How Machine Learning Models Estimate Earthquake Probability

A deep dive into the per-band algorithm competition system Talivio uses to generate daily seismic risk forecasts across 10 global regions.

Earthquake probability forecasting is one of the hardest problems in applied geophysics. Unlike weather forecasting, seismic systems operate with sparse, noisy catalogs and complex fault interactions. Talivio's approach: treat each magnitude band as an independent binary classification problem, then run an algorithm competition to find the best model for each band.

The Band Architecture

Rather than forecasting a single "will an earthquake happen?" probability, Talivio separates the problem into four distinct magnitude windows:

M 4.0–5.0: Frequent, moderate events — 102 core features, ~3× negative sampling
M 5.0–6.0: Felt events — 118 features, ~5× negative sampling
M 6.0–7.0: Damaging events — 120 features, ~10× negative sampling
M 7.0+: Major/great earthquakes — 125 features, ~20× negative sampling

Each band has a different class imbalance. Large earthquakes are extremely rare, requiring aggressive negative sampling to train a useful classifier.

Algorithm Competition

For each band, five algorithms compete: LightGBM, Random Forest, Gradient Boosting, ExtraTrees, and Calibrated Logistic Regression. After training, each model is evaluated on a held-out test set. The model with the highest ROC-AUC becomes the "champion" for that band.

When a new training run completes, the challenger replaces the champion only if its AUC exceeds the current best. This champion/challenger pattern prevents regression during continuous retraining.

Feature Engineering

The 102-core feature set combines temporal patterns (b-value, Omori law decay, seismicity rate changes over 7/30/90 days), mechanical signals (Coulomb stress, GNSS strain accumulation), and spatial features (fault proximity, depth distribution).

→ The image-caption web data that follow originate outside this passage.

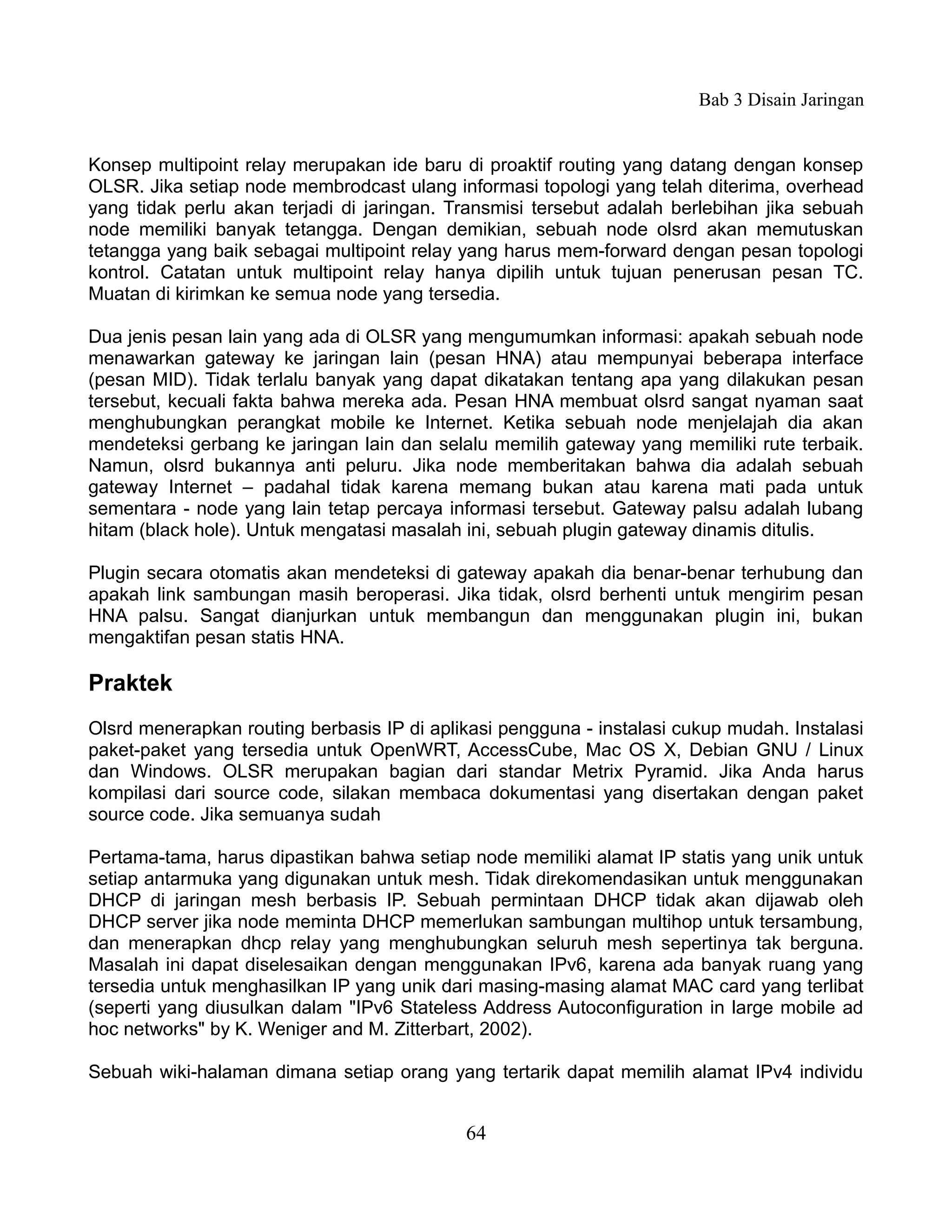 Bab 3 Disain Jaringan


Konsep multipoint relay merupakan ide baru di proaktif routing yang datang dengan konsep
OLSR. Jika setiap node membrodcast ulang informasi topologi yang telah diterima, overhead
yang tidak perlu akan terjadi di jaringan. Transmisi tersebut adalah berlebihan jika sebuah
node memiliki banyak tetangga. Dengan demikian, sebuah node olsrd akan memutuskan
tetangga yang baik sebagai multipoint relay yang harus mem-forward dengan pesan topologi
kontrol. Catatan untuk multipoint relay hanya dipilih untuk tujuan penerusan pesan TC.
Muatan di kirimkan ke semua node yang tersedia.

Dua jenis pesan lain yang ada di OLSR yang mengumumkan informasi: apakah sebuah node
menawarkan gateway ke jaringan lain (pesan HNA) atau mempunyai beberapa interface
(pesan MID). Tidak terlalu banyak yang dapat dikatakan tentang apa yang dilakukan pesan
tersebut, kecuali fakta bahwa mereka ada. Pesan HNA membuat olsrd sangat nyaman saat
menghubungkan perangkat mobile ke Internet. Ketika sebuah node menjelajah dia akan
mendeteksi gerbang ke jaringan lain dan selalu memilih gateway yang memiliki rute terbaik.
Namun, olsrd bukannya anti peluru. Jika node memberitakan bahwa dia adalah sebuah
gateway Internet – padahal tidak karena memang bukan atau karena mati pada untuk
sementara - node yang lain tetap percaya informasi tersebut. Gateway palsu adalah lubang
hitam (black hole). Untuk mengatasi masalah ini, sebuah plugin gateway dinamis ditulis.

Plugin secara otomatis akan mendeteksi di gateway apakah dia benar-benar terhubung dan
apakah link sambungan masih beroperasi. Jika tidak, olsrd berhenti untuk mengirim pesan
HNA palsu. Sangat dianjurkan untuk membangun dan menggunakan plugin ini, bukan
mengaktifan pesan statis HNA.

Praktek
Olsrd menerapkan routing berbasis IP di aplikasi pengguna - instalasi cukup mudah. Instalasi
paket-paket yang tersedia untuk OpenWRT, AccessCube, Mac OS X, Debian GNU / Linux
dan Windows. OLSR merupakan bagian dari standar Metrix Pyramid. Jika Anda harus
kompilasi dari source code, silakan membaca dokumentasi yang disertakan dengan paket
source code. Jika semuanya sudah

Pertama-tama, harus dipastikan bahwa setiap node memiliki alamat IP statis yang unik untuk
setiap antarmuka yang digunakan untuk mesh. Tidak direkomendasikan untuk menggunakan
DHCP di jaringan mesh berbasis IP. Sebuah permintaan DHCP tidak akan dijawab oleh
DHCP server jika node meminta DHCP memerlukan sambungan multihop untuk tersambung,
dan menerapkan dhcp relay yang menghubungkan seluruh mesh sepertinya tak berguna.
Masalah ini dapat diselesaikan dengan menggunakan IPv6, karena ada banyak ruang yang
tersedia untuk menghasilkan IP yang unik dari masing-masing alamat MAC card yang terlibat
(seperti yang diusulkan dalam "IPv6 Stateless Address Autoconfiguration in large mobile ad
hoc networks" by K. Weniger and M. Zitterbart, 2002).

Sebuah wiki-halaman dimana setiap orang yang tertarik dapat memilih alamat IPv4 individu


                                            64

Higher bands add wavelet-decomposed frequency features that capture long-period energy buildup invisible to simpler statistical models.

Probability Calibration

Raw classifier outputs are calibrated using Platt scaling (sigmoid calibration) to convert scores to reliable probabilities. A model that outputs 0.15 should, over many events, be correct ~15% of the time. This calibration is essential for honest uncertainty reporting.

"A forecast that admits uncertainty is more useful than one that claims false precision." — The core principle behind Talivio's calibrated outputs.

Daily validation against USGS event catalogs marks each forecast as hit or miss, feeding back into the retraining pipeline. Over time, the champion/challenger system adapts to shifting seismic patterns — crucial in regions like Kahramanmaraş where the post-2023 stress field changed dramatically.